SOURCE MATERIAL
* * * * *

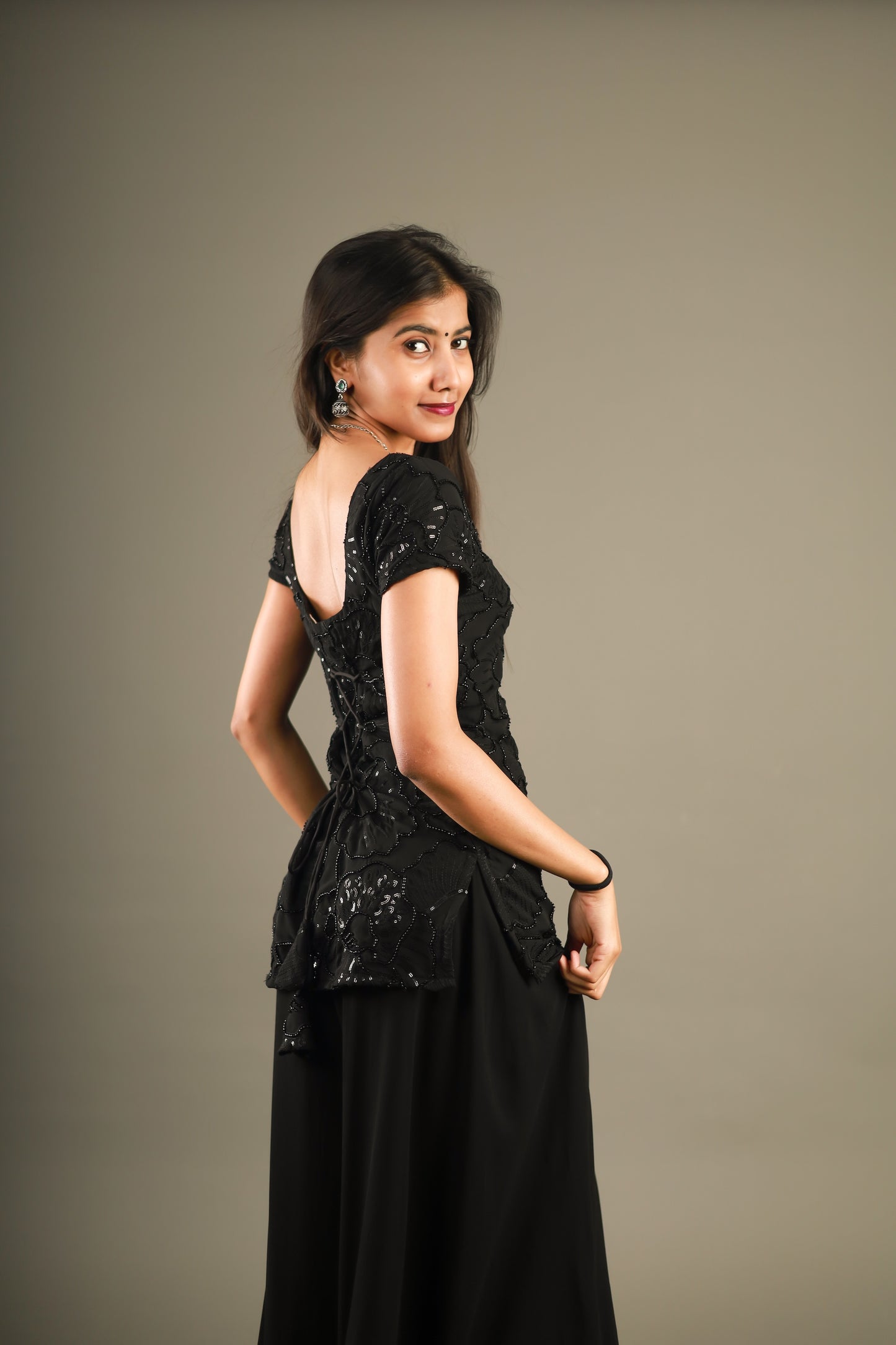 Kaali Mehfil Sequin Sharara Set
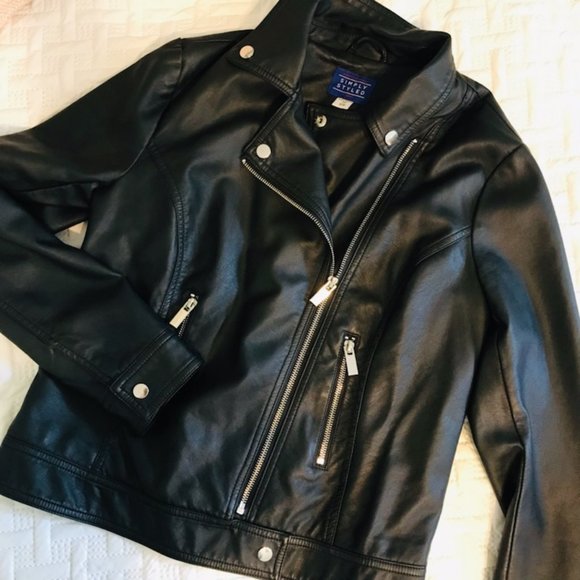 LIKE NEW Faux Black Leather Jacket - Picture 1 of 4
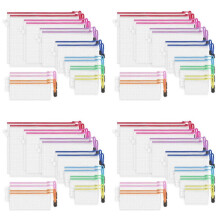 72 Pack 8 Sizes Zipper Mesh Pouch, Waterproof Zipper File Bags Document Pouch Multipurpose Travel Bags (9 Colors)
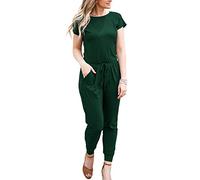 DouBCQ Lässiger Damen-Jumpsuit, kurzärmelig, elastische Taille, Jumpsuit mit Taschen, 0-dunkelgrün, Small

* * * * *

TASK STATEMENT
Nothing but the listing, copied exactly and stripped of its images, should appear in the response.

EXERCISE RESPONSE
 Kaali Mehfil Sequin Sharara Set
 LIKE NEW Faux Black Leather Jacket - Picture 1 of 4
 72 Pack 8 Sizes Zipper Mesh Pouch, Waterproof Zipper File Bags Document Pouch Multipurpose Travel Bags (9 Colors)
 DouBCQ Lässiger Damen-Jumpsuit, kurzärmelig, elastische Taille, Jumpsuit mit Taschen, 0-dunkelgrün, Small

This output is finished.